Royalty write-down
Alberta Premier Ed Stelmach says the world has changed since recent royalty schedules were announced.
Updated: November 20, 2008 7:19 AM
CALGARY — Alberta is rolling back a large portion of its royalty hike in order to encourage more drilling in the province’s sagging energy industry, which has been hit hard by tightening credit markets and falling commodity prices.
In the new year, companies that drill new natural gas or conventional oil wells at a depth of between 1,000 and 3,500 metres will be able to choose between a new transitional rate or the province’s previously announced royalty framework, Alberta Premier Ed Stelmach said Wednesday.
“The overriding factor is the world has changed and this is all about creating Alberta jobs,” Stelmach told a news conference in Edmonton.
The new wells will be required to shift to the new royalty framework in 2014. Existing wells and most oilsands projects will pay the higher royalty rates announced a year ago.
The changes would result in savings of $1.8 billion over five years for companies that meet the drilling criteria.
Taking into account the change, the province still expects revenues generated by the new framework next year to be $1.8 billion and $2.1 billion in 2010.
When asked whether the decrease in royalties will, in effect, cancel out next year’s expected gains, Energy Minister Mel Knight said he didn’t see it that way.
“It’s like investing a dollar to get a five-dollar return,” he told reporters in Edmonton.
“The wealth generation coupled with the increase in royalty will indeed offset that in my opinion very handsomely.”
A five-year transition period makes sense, because it takes a long time for many of the new wells to ramp up production, Knight said.
“If we put a program in place for a year, it would kick start a little bit of activity for six months and die.
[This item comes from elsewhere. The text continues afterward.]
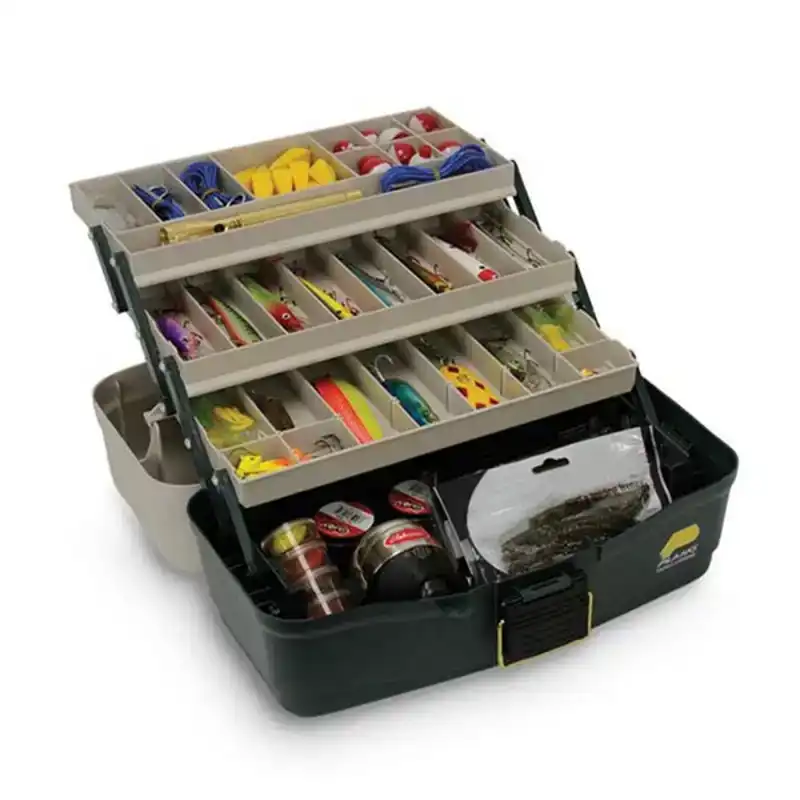 Hete Deal Eco Friendly Three Tray Tackle Box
This will allow three or four years worth of pretty solid opportunity for us to see work in the field in that depth range,” he said.
University of Alberta economics professor Andre Plourde said the move will only serve to delay the effects of the royalty hike.
“I don’t think we’re gaining anything that wouldn’t net itself out over a longer period of time,” he said.
“The government now seems to put higher value on activity right now than on capturing more value from the resource for the owners ... In the longer term, the gas, the oil doesn’t really go anywhere. Do we really want to get the activity out right now?”
Plans to hike Alberta’s royalties created an outcry in the energy sector, which reacted by moving much of its investment out of the province, slowing drilling and delaying projects.
Gary Leach, executive director of Small Explorers and Producers Association of Canada, said he welcomed the change and said his group would be meeting with Alberta’s deputy energy minister on Thursday to work out the details.
“We’re pleased to see that the government has recognized that the junior sector here in Alberta needed some relief from the new royalty framework.”
He said the transition rate option “will leave a little bit more in the pocket of the junior companies that they can use to invest in the province and put people back to work.”
Alberta Liberal Leader Kevin Taft said the announcement reminds him of the 1980s, when the Alberta government rolled out a series of programs to help the energy sector.
“One of the things I take from this is that these guys are expecting the downturn to be sharper and deeper and longer than they’re letting on,” he said.
The announcement was the second in as many days to tinker with the new royalty framework, first announced in October of last year.
Late Tuesday, the Alberta government and Syncrude Canada Ltd., the world’s largest oilsands operation, said they reached a new royalty agreement after more than a year of negotiations.